-- WHAT YOU NEED TO DO --
Of the material below, the lines to be retyped are those from the line containing "<button class='imageHoverBtn'>Mostra els" through the line containing "139 - Elizabeth II, Sovereign, 1959. S4125", inclusive; reproduce them exactly.

* * * *

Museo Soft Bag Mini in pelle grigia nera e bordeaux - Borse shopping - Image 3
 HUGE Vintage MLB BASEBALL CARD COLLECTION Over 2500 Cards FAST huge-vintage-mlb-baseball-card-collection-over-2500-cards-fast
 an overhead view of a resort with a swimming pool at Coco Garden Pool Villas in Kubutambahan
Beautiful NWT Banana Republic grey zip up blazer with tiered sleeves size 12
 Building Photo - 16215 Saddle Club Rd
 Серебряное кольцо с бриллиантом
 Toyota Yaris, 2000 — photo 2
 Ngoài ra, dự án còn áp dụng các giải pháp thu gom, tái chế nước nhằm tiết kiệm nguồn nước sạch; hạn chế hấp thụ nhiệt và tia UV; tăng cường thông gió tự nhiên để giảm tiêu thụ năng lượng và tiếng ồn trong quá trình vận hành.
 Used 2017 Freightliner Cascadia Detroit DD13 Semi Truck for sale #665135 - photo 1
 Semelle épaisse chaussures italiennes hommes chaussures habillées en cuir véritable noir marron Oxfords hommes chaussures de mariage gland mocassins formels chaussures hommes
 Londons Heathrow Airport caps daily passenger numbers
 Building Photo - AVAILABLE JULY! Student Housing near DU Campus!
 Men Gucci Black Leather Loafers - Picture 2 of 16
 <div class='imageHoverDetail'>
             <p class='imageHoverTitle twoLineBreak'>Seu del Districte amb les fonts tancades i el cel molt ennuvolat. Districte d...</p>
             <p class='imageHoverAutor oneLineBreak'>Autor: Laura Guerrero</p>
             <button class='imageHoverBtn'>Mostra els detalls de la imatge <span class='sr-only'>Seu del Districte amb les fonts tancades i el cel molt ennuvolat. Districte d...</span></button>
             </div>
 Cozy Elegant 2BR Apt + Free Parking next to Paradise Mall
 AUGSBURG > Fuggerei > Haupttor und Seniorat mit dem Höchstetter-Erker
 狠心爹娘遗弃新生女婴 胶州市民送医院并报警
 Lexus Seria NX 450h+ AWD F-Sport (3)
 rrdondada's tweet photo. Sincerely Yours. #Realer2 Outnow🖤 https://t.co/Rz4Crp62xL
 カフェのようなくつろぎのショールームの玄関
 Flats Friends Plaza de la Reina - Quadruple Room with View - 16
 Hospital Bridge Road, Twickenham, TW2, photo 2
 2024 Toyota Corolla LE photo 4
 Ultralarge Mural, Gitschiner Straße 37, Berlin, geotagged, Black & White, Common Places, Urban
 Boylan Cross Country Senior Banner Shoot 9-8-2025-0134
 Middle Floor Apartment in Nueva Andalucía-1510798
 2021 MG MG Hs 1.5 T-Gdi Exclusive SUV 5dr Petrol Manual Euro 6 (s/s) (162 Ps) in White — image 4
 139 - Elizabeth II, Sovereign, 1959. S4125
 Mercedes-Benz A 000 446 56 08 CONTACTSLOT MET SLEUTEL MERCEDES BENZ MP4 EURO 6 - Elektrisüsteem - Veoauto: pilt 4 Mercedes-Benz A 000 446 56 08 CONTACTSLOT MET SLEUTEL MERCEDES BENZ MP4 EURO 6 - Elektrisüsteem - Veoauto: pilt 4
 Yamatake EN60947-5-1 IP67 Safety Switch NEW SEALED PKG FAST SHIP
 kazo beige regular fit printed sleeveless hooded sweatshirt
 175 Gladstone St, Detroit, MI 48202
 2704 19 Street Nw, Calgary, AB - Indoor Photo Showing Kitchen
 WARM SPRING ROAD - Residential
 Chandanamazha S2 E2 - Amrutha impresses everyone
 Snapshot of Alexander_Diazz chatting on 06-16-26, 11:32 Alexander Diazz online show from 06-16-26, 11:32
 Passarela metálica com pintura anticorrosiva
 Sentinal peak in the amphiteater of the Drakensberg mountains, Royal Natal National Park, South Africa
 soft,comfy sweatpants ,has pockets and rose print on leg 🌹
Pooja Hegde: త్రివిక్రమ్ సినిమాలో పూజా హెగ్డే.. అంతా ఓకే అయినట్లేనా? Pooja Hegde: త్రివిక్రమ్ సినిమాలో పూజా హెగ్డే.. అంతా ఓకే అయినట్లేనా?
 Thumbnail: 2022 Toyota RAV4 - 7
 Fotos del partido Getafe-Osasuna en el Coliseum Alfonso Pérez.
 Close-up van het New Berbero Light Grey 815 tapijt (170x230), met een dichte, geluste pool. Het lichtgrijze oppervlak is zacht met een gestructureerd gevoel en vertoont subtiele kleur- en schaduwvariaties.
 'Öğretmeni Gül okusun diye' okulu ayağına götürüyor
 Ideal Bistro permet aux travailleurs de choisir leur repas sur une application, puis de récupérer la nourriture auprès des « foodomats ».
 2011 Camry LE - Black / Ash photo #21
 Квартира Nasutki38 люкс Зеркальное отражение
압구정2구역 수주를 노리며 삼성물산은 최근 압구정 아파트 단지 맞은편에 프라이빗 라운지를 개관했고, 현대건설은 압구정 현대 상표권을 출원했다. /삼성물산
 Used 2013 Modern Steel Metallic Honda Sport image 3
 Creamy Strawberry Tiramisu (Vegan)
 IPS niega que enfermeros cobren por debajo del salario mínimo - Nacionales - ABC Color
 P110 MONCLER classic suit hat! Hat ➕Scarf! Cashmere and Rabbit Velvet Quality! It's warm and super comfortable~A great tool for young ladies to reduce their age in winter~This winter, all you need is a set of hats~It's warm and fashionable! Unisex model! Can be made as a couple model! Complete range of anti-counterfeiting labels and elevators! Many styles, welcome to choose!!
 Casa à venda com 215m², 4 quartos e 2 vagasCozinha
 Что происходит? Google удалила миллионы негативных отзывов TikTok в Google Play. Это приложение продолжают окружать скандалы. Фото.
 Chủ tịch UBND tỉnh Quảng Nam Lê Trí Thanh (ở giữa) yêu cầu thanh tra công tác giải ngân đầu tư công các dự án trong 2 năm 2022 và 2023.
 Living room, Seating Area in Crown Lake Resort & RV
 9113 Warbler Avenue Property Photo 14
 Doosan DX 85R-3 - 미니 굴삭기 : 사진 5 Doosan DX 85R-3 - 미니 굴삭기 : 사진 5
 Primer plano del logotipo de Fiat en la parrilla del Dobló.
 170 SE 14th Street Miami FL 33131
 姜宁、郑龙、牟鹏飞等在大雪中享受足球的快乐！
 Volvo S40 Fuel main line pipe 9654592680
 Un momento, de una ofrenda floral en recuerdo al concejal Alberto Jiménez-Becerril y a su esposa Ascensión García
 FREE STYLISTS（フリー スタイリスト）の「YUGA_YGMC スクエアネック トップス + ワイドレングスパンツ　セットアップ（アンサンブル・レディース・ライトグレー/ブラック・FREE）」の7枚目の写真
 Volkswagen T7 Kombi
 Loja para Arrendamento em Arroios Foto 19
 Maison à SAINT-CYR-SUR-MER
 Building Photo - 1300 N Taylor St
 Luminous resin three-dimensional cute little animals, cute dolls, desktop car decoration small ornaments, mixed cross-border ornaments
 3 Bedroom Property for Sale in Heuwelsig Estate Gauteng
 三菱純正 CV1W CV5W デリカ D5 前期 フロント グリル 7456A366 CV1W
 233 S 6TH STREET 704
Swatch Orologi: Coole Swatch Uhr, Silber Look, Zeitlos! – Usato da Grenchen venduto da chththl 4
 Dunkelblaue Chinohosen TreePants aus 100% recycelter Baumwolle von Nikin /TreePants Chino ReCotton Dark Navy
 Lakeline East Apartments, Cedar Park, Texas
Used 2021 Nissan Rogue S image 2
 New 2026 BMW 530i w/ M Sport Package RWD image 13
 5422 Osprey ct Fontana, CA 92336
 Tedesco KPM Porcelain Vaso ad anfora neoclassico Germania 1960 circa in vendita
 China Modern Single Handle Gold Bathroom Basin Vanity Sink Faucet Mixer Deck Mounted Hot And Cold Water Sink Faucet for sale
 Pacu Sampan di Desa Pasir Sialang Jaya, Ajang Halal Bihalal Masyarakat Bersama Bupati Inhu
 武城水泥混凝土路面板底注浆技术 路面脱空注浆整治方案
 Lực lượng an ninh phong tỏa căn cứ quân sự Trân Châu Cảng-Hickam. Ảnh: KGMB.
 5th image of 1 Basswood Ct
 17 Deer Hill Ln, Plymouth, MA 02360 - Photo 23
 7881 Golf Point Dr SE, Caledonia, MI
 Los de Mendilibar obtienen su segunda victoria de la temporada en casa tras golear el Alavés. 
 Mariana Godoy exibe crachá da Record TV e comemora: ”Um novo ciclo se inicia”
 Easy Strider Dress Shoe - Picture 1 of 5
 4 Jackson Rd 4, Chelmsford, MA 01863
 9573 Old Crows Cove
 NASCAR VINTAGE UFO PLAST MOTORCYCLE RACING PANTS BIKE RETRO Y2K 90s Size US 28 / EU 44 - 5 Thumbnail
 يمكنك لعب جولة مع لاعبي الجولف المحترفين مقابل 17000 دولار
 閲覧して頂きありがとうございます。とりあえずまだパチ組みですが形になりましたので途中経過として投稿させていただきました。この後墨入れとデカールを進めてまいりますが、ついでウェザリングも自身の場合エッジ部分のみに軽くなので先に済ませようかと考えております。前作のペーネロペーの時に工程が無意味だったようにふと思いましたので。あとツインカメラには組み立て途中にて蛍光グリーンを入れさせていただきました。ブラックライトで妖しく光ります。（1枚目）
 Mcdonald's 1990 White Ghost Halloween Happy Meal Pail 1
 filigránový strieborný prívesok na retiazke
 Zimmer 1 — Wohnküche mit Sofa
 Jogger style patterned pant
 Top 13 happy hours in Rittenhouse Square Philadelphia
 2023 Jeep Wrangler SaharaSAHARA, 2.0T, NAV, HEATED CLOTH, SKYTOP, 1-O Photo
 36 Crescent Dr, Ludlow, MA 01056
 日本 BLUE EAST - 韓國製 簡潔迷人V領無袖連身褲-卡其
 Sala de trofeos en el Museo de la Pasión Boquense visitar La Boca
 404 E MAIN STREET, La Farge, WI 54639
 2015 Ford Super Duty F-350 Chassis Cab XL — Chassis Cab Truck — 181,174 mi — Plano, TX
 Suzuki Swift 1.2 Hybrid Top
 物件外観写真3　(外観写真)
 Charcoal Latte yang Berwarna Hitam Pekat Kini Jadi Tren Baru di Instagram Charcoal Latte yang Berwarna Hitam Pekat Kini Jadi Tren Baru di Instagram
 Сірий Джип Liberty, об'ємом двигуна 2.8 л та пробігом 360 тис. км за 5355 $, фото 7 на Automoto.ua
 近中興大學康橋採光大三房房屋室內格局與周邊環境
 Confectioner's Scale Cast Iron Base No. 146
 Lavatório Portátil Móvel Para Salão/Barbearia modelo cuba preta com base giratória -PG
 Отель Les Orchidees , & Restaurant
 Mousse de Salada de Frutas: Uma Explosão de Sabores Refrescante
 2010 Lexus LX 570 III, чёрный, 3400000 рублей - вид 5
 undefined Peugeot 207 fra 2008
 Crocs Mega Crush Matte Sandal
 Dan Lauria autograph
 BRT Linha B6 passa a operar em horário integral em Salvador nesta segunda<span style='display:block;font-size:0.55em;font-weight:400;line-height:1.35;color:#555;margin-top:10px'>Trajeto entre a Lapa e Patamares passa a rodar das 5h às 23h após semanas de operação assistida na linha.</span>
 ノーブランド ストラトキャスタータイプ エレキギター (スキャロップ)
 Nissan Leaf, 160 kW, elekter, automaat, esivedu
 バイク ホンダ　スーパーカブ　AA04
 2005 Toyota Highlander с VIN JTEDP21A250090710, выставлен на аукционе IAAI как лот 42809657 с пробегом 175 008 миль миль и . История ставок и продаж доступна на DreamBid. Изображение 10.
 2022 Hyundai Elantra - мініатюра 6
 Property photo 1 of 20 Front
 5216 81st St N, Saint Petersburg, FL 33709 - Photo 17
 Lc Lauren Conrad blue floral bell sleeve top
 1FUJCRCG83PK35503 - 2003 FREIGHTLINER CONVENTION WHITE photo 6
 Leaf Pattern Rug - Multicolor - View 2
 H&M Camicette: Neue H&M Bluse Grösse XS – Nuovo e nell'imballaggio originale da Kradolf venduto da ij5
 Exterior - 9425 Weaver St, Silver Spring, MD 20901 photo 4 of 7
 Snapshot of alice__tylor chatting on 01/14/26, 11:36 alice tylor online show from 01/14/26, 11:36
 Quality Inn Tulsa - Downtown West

* * * *

-- COMPLETED TASK --
             <button class='imageHoverBtn'>Mostra els detalls de la imatge <span class='sr-only'>Seu del Districte amb les fonts tancades i el cel molt ennuvolat. Districte d...</span></button>
             </div>
 Cozy Elegant 2BR Apt + Free Parking next to Paradise Mall
 AUGSBURG > Fuggerei > Haupttor und Seniorat mit dem Höchstetter-Erker
 狠心爹娘遗弃新生女婴 胶州市民送医院并报警
 Lexus Seria NX 450h+ AWD F-Sport (3)
 rrdondada's tweet photo. Sincerely Yours. #Realer2 Outnow🖤 https://t.co/Rz4Crp62xL
 カフェのようなくつろぎのショールームの玄関
 Flats Friends Plaza de la Reina - Quadruple Room with View - 16
 Hospital Bridge Road, Twickenham, TW2, photo 2
 2024 Toyota Corolla LE photo 4
 Ultralarge Mural, Gitschiner Straße 37, Berlin, geotagged, Black & White, Common Places, Urban
 Boylan Cross Country Senior Banner Shoot 9-8-2025-0134
 Middle Floor Apartment in Nueva Andalucía-1510798
 2021 MG MG Hs 1.5 T-Gdi Exclusive SUV 5dr Petrol Manual Euro 6 (s/s) (162 Ps) in White — image 4
 139 - Elizabeth II, Sovereign, 1959. S4125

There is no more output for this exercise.